◆ DIRECTIONS: For every line in the records below that holds "Plus", make a copy.

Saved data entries
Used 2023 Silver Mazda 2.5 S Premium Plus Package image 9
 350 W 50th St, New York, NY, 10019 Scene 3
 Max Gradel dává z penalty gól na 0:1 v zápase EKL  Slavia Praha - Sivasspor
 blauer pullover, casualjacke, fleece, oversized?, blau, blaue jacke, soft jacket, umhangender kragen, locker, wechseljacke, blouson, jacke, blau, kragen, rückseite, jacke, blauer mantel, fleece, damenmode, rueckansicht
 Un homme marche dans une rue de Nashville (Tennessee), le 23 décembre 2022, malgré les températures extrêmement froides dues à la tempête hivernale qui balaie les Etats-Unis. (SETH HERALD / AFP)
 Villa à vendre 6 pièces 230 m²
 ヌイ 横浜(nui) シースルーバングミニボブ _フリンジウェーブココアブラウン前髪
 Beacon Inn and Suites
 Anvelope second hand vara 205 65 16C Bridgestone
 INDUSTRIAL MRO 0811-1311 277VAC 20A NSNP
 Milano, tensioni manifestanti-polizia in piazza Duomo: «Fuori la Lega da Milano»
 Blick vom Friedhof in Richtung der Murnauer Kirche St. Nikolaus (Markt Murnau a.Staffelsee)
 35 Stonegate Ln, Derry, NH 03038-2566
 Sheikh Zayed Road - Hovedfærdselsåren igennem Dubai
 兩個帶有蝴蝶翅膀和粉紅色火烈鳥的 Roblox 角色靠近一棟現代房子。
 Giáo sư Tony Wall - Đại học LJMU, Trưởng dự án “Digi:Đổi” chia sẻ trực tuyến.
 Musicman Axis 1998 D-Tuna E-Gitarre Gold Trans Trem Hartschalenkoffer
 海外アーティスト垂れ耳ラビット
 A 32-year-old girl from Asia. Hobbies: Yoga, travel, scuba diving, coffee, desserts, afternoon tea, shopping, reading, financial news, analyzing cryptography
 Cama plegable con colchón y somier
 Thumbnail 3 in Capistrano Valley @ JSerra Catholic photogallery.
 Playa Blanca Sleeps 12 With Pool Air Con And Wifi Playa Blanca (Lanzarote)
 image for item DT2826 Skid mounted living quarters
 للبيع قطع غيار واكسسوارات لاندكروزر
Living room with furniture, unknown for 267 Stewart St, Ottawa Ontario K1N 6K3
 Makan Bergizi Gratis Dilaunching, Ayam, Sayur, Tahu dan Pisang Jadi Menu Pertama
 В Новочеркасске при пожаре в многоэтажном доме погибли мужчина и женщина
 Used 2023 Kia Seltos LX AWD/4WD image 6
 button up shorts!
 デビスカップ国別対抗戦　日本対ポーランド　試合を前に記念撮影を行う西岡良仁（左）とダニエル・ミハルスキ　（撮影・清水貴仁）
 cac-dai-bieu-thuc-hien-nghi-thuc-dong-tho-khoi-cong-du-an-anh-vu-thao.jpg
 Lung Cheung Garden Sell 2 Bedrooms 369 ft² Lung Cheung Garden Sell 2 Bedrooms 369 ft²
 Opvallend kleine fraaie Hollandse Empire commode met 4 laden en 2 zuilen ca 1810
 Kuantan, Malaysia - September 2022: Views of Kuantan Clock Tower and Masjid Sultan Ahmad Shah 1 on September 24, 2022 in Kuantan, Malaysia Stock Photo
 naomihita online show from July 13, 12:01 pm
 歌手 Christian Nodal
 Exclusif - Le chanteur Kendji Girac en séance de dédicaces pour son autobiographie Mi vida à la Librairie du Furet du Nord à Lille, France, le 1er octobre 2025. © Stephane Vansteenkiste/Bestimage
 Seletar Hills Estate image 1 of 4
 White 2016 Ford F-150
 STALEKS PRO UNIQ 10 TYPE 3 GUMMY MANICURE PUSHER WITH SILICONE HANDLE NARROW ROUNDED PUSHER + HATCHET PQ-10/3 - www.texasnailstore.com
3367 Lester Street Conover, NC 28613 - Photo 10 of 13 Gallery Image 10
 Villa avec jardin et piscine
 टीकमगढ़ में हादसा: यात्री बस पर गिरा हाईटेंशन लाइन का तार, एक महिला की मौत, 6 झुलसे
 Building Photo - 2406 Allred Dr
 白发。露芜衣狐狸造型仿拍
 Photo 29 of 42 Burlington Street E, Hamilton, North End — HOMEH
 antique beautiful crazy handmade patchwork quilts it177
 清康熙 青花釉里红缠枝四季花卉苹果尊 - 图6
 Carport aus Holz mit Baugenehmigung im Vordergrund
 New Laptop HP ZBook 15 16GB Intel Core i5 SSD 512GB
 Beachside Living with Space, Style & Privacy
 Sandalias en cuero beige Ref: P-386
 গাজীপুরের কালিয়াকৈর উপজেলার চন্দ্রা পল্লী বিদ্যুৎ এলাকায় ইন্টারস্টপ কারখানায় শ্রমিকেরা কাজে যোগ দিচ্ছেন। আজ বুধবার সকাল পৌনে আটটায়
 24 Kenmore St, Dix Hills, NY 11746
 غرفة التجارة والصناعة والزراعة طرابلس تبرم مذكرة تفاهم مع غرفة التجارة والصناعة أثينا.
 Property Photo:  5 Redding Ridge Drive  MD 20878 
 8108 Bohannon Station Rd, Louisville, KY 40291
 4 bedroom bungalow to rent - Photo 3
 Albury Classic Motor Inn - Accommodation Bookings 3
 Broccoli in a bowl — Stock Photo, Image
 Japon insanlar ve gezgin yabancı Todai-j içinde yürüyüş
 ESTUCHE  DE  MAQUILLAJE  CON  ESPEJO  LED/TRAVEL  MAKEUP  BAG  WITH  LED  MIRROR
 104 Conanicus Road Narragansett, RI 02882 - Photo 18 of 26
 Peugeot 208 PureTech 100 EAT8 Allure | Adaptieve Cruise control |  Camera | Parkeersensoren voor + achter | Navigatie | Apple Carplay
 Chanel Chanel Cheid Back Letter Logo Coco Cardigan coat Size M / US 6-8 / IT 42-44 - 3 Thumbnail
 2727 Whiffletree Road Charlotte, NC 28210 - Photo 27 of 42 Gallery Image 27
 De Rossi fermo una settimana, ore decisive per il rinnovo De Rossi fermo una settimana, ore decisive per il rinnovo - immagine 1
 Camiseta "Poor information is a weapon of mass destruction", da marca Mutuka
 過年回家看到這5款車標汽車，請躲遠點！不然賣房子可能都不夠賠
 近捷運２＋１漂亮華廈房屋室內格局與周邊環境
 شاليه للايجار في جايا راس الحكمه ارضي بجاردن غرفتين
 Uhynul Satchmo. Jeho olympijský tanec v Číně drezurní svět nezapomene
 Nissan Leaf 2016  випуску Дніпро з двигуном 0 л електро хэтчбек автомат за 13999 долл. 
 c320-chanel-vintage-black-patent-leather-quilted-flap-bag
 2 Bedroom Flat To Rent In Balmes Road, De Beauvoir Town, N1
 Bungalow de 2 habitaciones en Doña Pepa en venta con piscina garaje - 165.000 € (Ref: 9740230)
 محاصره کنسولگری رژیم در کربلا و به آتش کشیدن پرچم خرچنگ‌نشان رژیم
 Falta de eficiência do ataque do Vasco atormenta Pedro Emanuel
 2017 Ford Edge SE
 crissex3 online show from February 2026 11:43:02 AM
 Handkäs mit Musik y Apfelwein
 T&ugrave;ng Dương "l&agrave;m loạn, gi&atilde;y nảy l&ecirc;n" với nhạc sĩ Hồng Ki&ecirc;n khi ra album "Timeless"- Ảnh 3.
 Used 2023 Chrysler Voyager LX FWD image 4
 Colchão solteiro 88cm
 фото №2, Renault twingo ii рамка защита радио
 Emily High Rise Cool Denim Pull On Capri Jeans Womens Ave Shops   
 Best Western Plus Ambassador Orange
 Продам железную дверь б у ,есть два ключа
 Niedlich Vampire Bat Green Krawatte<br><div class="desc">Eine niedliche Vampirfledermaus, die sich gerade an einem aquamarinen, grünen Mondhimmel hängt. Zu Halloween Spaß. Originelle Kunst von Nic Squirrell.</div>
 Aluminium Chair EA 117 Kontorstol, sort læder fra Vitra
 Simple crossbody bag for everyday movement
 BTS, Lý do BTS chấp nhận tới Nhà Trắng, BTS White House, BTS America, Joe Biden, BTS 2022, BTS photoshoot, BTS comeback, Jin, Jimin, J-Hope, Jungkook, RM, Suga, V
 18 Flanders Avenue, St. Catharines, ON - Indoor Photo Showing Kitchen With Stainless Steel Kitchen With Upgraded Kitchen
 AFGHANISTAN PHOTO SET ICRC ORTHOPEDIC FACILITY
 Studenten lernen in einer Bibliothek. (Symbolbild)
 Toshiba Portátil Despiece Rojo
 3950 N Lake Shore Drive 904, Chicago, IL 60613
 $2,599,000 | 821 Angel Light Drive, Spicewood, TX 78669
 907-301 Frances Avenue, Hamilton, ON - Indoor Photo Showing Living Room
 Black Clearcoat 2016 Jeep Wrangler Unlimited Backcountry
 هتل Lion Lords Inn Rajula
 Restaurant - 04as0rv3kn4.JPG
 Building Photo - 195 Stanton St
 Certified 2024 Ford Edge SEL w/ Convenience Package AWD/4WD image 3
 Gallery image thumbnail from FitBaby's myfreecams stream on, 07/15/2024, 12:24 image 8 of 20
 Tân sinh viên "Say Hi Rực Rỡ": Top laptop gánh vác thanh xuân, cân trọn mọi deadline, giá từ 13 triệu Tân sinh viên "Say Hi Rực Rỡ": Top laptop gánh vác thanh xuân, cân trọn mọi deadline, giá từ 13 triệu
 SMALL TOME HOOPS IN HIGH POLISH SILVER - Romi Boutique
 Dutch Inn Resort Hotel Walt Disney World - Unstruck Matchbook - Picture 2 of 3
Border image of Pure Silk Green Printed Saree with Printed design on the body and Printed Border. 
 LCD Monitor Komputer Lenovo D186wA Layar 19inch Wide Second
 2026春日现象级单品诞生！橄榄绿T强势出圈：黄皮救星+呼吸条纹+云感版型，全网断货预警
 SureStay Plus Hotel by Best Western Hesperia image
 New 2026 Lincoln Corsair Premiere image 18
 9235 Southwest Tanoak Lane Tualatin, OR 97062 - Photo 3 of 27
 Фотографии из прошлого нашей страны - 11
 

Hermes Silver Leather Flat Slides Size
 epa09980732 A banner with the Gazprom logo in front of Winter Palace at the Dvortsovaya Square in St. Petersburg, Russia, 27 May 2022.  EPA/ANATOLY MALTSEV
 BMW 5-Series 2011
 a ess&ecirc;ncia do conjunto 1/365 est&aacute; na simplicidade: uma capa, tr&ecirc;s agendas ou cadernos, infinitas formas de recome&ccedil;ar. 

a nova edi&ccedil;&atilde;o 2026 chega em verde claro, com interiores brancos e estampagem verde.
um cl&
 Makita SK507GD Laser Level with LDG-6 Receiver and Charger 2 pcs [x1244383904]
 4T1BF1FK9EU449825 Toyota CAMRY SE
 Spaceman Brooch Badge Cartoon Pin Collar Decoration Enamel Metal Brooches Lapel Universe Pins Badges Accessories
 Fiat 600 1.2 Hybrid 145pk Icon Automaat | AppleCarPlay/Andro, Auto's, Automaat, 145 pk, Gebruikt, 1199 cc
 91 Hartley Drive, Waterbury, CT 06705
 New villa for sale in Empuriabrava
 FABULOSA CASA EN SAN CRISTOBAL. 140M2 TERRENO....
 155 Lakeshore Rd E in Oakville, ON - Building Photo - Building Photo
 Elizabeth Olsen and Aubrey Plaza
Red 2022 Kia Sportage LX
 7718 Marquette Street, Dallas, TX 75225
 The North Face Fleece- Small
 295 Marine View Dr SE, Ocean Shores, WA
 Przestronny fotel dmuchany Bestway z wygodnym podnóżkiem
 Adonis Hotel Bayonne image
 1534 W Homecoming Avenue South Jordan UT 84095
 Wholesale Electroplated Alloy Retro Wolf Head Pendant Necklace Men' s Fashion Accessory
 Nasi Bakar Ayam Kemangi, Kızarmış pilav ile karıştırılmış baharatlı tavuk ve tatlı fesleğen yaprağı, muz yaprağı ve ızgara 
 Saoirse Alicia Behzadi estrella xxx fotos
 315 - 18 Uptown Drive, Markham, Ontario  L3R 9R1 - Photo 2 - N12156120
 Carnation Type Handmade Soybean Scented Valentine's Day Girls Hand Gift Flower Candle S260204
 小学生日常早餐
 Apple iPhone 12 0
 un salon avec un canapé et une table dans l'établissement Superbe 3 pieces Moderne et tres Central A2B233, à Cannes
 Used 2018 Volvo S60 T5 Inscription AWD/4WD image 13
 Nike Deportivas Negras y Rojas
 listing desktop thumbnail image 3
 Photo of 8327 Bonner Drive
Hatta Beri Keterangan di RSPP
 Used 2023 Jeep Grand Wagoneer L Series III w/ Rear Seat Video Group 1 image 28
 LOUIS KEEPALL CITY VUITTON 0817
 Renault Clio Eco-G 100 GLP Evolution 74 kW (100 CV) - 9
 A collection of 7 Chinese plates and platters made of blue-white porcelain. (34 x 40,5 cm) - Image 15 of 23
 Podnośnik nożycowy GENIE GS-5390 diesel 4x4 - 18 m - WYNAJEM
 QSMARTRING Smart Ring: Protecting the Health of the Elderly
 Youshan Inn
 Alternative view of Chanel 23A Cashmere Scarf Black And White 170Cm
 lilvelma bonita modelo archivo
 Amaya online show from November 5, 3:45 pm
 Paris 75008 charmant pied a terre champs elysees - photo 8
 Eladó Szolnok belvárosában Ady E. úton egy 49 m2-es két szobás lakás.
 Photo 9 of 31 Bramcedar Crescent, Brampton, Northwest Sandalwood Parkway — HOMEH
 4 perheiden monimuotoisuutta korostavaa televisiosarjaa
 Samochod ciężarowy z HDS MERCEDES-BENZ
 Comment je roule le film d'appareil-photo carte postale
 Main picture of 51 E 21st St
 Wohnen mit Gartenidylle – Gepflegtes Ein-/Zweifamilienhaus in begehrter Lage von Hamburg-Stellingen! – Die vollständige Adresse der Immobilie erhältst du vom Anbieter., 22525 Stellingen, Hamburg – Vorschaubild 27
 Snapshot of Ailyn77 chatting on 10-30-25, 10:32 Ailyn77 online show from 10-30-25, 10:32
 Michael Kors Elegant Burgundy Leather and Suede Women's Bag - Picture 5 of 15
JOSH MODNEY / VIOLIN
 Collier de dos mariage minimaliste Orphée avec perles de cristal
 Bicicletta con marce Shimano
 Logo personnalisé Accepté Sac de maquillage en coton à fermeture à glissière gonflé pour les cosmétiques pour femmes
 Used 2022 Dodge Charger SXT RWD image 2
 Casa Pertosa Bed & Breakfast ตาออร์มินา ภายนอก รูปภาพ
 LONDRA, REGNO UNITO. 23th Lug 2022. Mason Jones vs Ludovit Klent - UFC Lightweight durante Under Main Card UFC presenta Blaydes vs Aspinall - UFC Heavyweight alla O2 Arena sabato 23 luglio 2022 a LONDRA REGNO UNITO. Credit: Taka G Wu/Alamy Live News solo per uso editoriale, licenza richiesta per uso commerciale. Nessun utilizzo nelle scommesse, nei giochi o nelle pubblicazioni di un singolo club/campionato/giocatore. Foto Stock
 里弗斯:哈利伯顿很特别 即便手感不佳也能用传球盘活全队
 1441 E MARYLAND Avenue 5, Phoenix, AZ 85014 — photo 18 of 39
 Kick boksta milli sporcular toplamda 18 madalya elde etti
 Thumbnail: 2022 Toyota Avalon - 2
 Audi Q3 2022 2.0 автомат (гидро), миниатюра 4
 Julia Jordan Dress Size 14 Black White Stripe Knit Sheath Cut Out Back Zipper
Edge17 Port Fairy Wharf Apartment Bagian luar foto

◆ RESPONSE AREA:
Used 2023 Silver Mazda 2.5 S Premium Plus Package image 9
 Best Western Plus Ambassador Orange
 SureStay Plus Hotel by Best Western Hesperia image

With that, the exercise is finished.